== The input ==
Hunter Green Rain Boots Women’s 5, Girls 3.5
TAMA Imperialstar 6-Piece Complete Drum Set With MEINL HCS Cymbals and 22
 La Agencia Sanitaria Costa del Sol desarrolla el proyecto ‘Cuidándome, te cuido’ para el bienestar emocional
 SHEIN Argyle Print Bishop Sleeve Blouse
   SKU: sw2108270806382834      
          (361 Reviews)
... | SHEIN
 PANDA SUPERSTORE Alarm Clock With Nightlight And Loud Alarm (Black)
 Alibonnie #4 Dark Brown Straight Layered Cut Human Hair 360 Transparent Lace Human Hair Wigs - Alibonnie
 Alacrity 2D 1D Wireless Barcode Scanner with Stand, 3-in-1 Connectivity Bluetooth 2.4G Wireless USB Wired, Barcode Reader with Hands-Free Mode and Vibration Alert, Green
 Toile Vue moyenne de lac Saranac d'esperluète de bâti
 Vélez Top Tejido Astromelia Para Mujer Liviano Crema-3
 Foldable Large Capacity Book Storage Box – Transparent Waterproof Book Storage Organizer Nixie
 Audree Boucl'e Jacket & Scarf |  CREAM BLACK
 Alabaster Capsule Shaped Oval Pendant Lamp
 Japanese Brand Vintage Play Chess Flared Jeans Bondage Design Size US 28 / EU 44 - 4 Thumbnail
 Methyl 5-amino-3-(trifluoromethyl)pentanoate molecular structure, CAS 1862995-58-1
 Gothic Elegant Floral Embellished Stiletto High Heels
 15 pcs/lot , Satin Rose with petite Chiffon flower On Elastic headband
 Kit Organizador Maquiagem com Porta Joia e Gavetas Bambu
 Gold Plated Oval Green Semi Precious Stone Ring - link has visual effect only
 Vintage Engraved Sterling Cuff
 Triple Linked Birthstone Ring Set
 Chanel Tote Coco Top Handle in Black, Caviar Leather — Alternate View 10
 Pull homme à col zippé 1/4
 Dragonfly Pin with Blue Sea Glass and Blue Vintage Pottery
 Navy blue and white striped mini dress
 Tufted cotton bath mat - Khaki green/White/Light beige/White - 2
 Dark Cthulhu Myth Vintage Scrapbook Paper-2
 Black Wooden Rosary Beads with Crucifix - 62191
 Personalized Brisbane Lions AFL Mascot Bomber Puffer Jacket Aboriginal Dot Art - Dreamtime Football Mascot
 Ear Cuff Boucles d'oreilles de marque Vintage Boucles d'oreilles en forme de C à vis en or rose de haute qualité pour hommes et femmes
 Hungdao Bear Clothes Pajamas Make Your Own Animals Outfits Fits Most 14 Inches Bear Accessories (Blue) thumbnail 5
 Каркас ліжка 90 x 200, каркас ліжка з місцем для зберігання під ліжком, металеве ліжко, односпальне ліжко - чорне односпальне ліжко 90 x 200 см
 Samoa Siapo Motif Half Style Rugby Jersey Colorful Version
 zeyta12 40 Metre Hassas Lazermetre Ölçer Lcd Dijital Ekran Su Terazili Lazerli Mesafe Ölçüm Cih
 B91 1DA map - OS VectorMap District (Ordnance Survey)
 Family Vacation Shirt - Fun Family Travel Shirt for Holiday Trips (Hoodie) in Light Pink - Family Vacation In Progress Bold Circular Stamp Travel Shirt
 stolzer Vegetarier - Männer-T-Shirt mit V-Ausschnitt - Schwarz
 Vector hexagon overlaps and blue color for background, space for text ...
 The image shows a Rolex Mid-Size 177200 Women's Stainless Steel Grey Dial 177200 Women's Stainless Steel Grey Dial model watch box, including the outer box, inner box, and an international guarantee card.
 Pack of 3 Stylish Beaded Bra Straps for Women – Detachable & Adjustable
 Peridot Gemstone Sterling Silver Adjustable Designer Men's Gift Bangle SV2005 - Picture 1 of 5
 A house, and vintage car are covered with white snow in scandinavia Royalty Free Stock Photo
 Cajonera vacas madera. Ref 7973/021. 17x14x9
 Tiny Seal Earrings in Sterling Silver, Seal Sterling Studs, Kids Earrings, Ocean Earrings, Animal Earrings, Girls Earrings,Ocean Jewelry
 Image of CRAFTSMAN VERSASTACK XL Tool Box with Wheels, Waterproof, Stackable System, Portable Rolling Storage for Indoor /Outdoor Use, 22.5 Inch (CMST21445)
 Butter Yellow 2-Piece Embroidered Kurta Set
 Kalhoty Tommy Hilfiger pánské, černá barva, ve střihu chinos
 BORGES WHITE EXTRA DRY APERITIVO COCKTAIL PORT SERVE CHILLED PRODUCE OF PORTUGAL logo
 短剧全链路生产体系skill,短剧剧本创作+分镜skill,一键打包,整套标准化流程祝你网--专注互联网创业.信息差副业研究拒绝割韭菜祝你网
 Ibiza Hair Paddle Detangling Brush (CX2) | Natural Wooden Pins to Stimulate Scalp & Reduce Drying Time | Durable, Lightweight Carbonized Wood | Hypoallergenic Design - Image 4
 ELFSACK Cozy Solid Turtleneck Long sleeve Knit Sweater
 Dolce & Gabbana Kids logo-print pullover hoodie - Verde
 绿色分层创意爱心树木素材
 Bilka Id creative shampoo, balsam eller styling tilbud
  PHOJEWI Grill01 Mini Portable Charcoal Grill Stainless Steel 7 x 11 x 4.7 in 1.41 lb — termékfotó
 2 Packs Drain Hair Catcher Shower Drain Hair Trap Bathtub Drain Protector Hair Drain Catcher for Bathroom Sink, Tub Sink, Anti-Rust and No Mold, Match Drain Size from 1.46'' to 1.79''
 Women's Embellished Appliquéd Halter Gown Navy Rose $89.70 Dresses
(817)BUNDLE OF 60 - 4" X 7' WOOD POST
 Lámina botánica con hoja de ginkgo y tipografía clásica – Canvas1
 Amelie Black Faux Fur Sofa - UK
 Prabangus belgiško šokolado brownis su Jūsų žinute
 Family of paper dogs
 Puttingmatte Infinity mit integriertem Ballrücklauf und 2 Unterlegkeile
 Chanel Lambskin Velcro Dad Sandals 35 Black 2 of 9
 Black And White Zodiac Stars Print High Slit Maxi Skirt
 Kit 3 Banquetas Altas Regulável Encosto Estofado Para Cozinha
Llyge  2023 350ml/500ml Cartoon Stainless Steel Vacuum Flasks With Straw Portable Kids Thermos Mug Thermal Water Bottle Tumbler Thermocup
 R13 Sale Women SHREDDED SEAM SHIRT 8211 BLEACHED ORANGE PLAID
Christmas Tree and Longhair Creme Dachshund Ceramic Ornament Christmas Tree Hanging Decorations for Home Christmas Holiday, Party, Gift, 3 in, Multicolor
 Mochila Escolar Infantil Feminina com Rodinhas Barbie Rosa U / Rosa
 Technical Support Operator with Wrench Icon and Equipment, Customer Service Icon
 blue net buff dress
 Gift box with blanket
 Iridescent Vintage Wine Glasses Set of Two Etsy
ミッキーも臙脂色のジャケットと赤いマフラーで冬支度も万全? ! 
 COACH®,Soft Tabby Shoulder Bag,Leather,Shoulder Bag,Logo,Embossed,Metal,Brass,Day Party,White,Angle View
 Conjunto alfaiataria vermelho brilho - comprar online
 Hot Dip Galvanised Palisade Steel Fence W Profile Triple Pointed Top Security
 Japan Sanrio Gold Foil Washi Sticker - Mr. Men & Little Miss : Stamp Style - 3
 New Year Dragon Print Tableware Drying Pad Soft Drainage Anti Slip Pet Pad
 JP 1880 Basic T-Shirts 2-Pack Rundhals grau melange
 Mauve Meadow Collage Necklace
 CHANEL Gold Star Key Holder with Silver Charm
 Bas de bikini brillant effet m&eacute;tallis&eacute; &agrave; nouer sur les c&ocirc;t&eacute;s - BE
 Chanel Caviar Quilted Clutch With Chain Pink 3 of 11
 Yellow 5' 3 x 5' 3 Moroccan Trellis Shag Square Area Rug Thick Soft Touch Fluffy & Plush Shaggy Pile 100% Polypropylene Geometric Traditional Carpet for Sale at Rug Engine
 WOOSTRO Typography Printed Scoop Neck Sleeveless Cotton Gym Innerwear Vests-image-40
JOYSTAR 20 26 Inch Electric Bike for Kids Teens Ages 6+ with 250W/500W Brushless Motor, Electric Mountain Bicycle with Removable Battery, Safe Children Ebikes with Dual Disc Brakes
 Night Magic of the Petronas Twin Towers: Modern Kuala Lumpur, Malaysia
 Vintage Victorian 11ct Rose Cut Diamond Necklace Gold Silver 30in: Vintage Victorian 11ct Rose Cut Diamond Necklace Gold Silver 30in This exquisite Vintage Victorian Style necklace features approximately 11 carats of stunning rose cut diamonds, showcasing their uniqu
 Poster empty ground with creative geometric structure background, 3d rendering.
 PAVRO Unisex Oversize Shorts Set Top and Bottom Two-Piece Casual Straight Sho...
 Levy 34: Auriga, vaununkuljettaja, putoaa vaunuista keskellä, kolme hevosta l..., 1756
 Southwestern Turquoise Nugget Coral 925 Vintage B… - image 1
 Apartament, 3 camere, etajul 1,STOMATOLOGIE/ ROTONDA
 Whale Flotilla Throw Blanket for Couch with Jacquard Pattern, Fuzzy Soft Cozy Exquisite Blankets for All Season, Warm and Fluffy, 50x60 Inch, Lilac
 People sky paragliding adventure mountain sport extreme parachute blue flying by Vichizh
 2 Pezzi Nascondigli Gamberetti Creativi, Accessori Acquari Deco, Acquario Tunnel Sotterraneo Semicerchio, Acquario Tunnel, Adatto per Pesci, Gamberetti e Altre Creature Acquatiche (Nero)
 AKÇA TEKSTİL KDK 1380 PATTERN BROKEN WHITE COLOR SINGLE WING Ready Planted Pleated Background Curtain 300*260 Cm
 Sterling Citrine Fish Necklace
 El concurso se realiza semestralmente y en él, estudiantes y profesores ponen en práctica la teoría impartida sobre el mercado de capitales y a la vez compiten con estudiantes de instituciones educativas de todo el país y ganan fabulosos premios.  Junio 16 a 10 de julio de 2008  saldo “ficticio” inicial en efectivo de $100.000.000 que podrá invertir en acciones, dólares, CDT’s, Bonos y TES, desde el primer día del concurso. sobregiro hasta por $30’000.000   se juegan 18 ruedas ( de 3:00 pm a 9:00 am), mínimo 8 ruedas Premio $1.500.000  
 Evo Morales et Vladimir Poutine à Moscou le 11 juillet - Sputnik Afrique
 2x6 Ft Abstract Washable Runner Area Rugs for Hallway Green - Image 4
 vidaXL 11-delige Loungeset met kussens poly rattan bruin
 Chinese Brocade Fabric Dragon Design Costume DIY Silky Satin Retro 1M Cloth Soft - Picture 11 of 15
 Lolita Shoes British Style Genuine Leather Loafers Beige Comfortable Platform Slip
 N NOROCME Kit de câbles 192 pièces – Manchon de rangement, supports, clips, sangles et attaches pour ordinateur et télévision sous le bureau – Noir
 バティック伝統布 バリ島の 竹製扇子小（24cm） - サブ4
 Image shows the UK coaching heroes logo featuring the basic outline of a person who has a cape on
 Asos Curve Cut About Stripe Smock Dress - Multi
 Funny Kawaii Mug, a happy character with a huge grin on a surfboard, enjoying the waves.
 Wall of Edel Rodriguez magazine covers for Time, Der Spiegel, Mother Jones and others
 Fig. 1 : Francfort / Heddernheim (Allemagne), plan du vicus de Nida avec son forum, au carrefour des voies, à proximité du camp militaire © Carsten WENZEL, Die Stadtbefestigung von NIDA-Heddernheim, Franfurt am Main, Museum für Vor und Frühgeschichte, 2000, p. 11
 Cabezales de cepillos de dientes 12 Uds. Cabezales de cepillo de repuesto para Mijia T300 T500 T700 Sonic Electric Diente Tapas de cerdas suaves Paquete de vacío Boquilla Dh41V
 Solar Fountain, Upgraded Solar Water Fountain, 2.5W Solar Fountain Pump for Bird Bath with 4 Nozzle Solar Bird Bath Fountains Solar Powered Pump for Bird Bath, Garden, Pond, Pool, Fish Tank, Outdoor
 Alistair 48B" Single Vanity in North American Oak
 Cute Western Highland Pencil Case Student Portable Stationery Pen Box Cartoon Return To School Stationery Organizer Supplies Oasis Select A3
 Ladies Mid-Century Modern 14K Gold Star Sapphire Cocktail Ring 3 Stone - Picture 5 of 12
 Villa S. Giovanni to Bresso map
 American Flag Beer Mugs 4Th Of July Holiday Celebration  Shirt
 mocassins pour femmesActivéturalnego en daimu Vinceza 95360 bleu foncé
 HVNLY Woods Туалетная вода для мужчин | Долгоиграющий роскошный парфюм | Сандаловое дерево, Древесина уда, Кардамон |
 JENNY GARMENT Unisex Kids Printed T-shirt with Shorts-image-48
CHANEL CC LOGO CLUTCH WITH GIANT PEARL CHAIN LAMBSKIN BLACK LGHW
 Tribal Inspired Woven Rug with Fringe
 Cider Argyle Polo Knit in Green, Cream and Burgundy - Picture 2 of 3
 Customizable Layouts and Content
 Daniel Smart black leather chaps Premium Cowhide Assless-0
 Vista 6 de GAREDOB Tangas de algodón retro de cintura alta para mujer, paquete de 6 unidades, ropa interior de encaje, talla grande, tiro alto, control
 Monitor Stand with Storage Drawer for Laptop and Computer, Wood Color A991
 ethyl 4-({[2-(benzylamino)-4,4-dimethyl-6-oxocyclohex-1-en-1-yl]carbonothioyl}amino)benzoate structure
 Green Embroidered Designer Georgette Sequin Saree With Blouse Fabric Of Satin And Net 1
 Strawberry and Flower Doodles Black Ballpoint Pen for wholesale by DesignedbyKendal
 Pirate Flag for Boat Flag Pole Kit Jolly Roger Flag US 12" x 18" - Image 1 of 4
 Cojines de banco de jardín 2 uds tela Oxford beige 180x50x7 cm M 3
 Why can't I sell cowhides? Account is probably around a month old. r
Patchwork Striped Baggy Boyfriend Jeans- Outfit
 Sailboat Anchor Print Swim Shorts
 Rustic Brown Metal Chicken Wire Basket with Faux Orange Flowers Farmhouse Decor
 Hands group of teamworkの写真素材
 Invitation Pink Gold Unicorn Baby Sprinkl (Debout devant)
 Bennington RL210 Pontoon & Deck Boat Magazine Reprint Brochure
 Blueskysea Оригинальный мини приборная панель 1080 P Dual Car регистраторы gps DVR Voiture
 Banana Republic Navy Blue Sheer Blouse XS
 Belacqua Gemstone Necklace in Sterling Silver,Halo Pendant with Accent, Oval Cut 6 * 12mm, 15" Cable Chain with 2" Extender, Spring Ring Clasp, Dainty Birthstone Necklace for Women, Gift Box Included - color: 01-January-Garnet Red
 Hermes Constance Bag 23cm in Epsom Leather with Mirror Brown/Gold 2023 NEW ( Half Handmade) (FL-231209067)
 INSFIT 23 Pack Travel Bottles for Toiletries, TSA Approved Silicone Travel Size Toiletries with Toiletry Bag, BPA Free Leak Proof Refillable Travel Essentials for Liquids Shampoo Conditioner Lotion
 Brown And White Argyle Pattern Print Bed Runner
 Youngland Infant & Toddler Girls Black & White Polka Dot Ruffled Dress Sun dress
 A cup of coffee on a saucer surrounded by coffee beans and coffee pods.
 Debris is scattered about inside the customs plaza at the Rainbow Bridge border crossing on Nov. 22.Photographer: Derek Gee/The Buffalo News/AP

== Your instructions ==
From the entries above, give again exactly the lines running from the line with "Bas de bikini" to the line with "WOOSTRO Typography Printed"; include both of those lines.

== Reply to the exercise ==
 Bas de bikini brillant effet m&eacute;tallis&eacute; &agrave; nouer sur les c&ocirc;t&eacute;s - BE
 Chanel Caviar Quilted Clutch With Chain Pink 3 of 11
 Yellow 5' 3 x 5' 3 Moroccan Trellis Shag Square Area Rug Thick Soft Touch Fluffy & Plush Shaggy Pile 100% Polypropylene Geometric Traditional Carpet for Sale at Rug Engine
 WOOSTRO Typography Printed Scoop Neck Sleeveless Cotton Gym Innerwear Vests-image-40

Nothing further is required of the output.